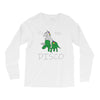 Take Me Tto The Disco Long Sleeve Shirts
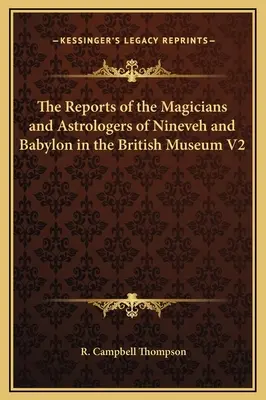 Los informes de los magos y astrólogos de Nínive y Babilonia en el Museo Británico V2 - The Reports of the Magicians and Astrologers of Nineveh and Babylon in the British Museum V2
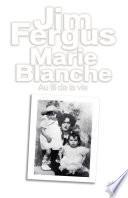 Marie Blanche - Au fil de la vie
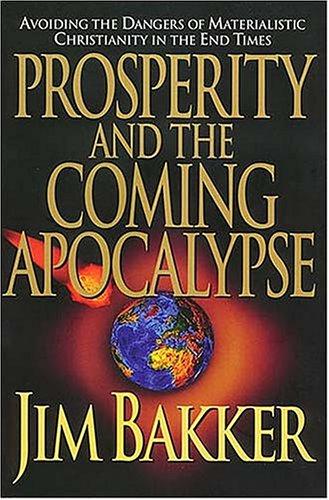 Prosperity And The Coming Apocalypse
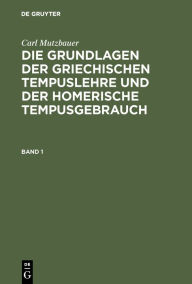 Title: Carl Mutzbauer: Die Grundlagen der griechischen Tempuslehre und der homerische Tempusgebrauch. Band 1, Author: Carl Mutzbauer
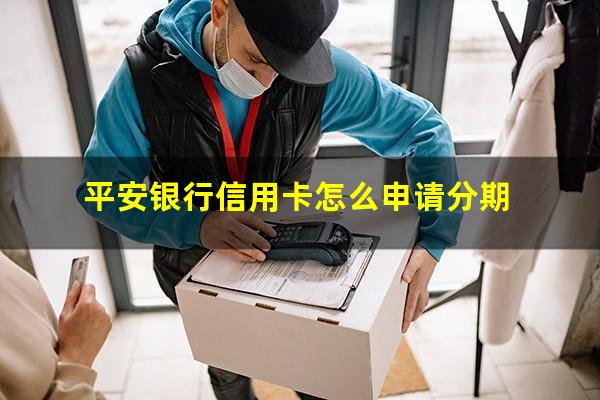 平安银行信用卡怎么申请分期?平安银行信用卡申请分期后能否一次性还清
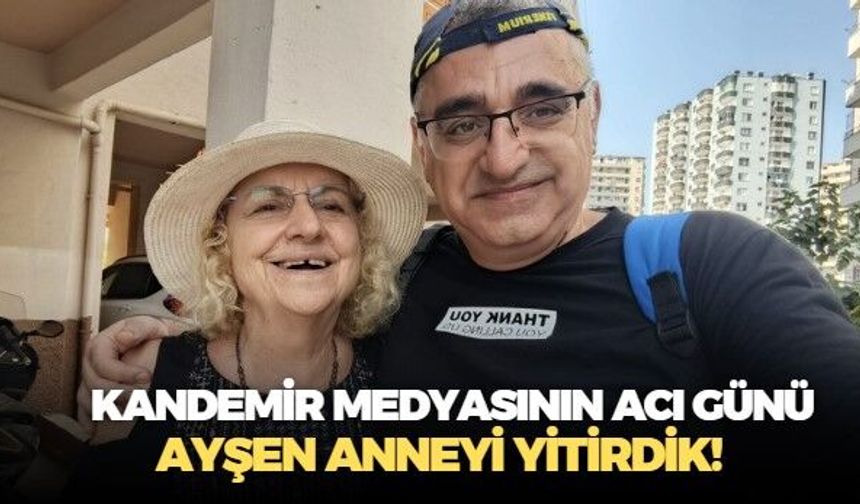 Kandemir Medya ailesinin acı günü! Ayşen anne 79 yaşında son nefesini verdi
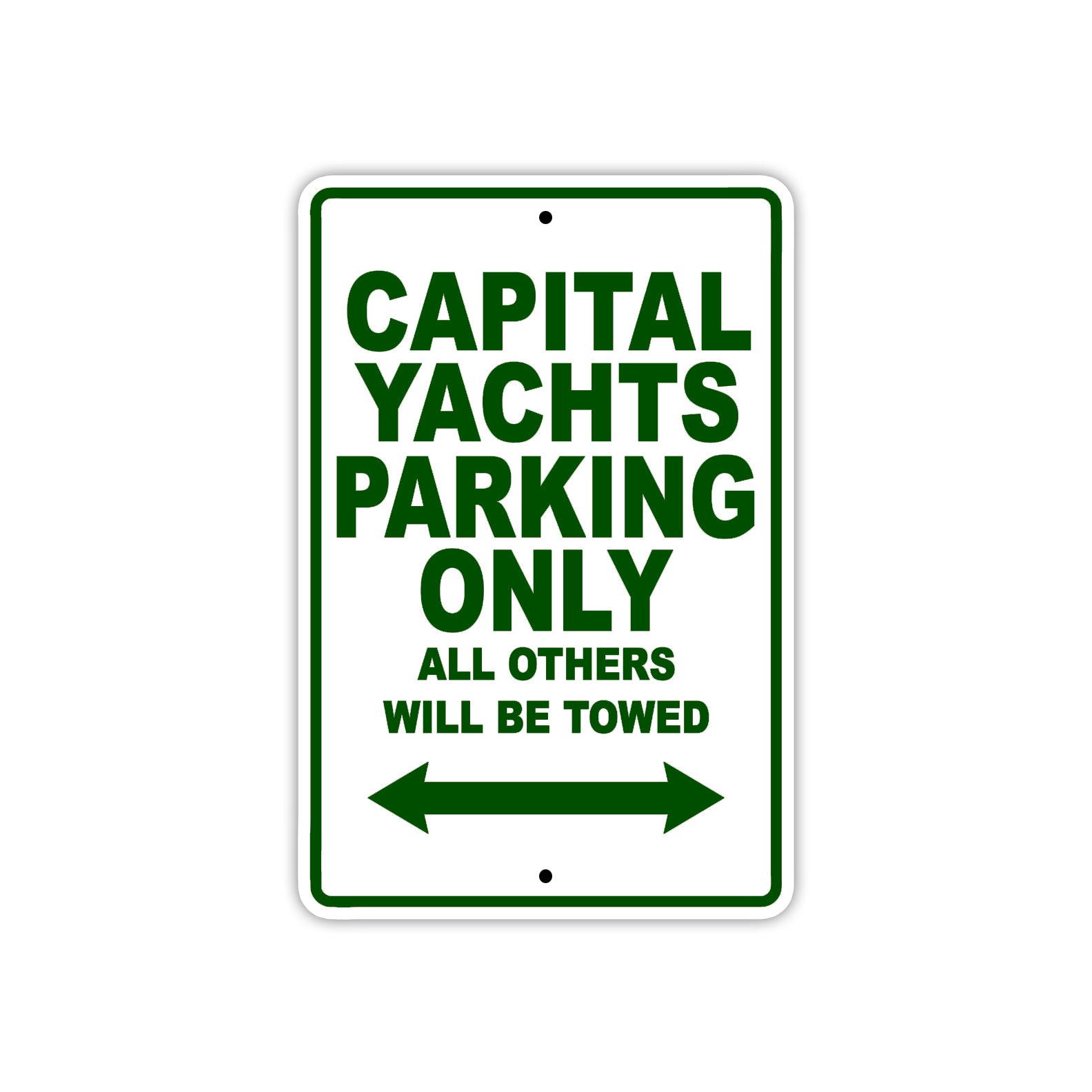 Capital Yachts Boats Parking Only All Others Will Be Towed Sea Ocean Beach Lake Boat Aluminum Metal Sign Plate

....

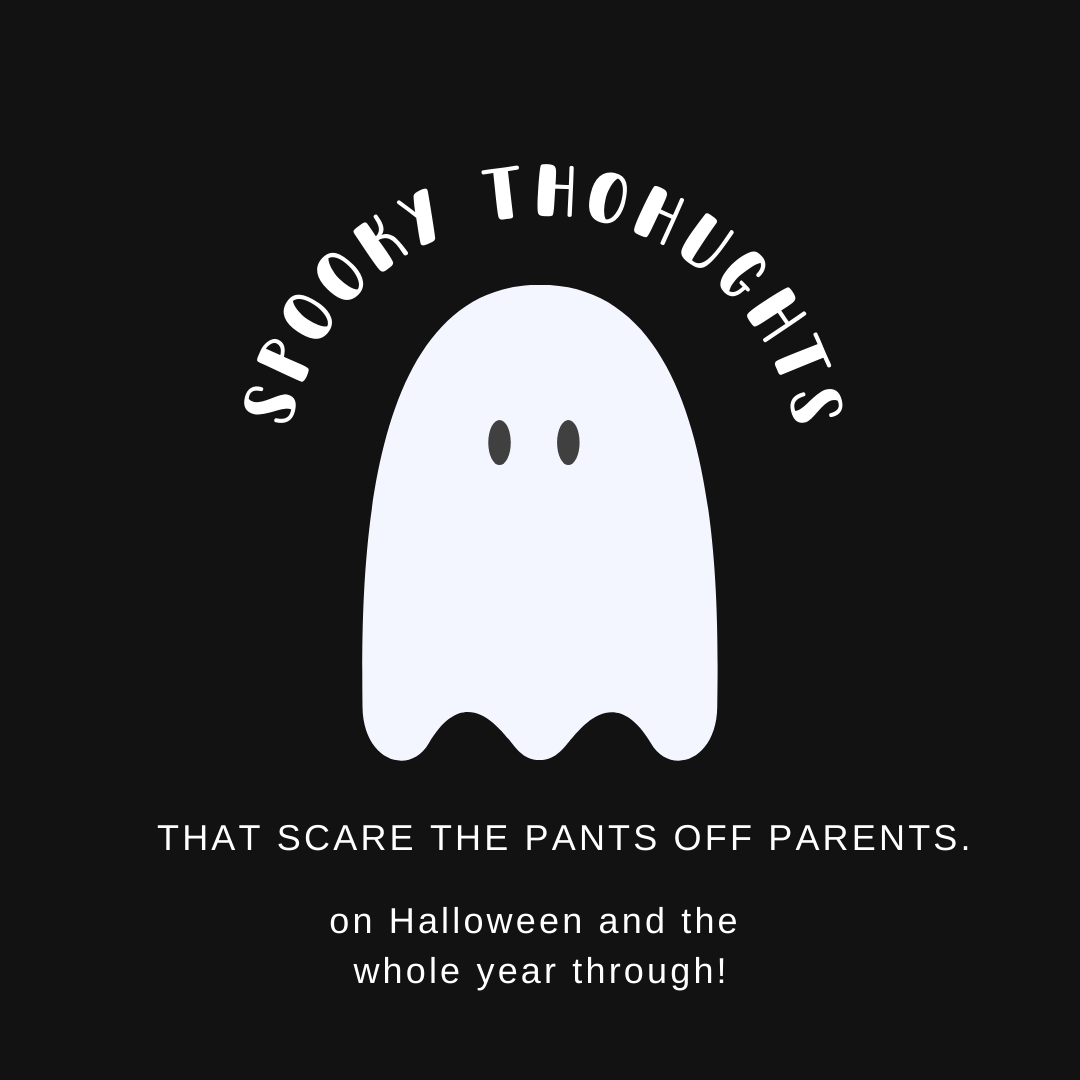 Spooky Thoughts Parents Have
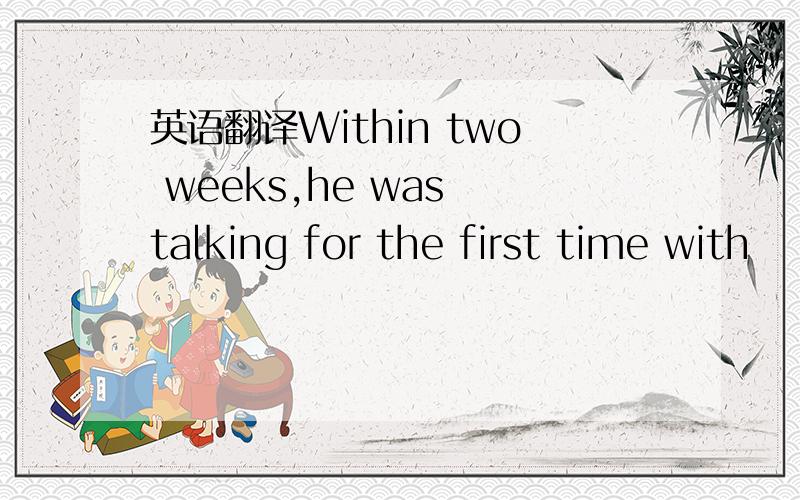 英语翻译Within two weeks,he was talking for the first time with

....

Exercise requirements
What you return must match the lines above from the one with "Marie Blanche - Au fil de la vie" through the one with "Capital Yachts Boats" exactly, with both ends included and the pictures excluded.

Exercise result
 Marie Blanche - Au fil de la vie
 Prosperity And The Coming Apocalypse
 Title: Carl Mutzbauer: Die Grundlagen der griechischen Tempuslehre und der homerische Tempusgebrauch. Band 1, Author: Carl Mutzbauer
 平安银行信用卡怎么申请分期?平安银行信用卡申请分期后能否一次性还清
 Kandemir Medya ailesinin acı günü! Ayşen anne 79 yaşında son nefesini verdi
 Capital Yachts Boats Parking Only All Others Will Be Towed Sea Ocean Beach Lake Boat Aluminum Metal Sign Plate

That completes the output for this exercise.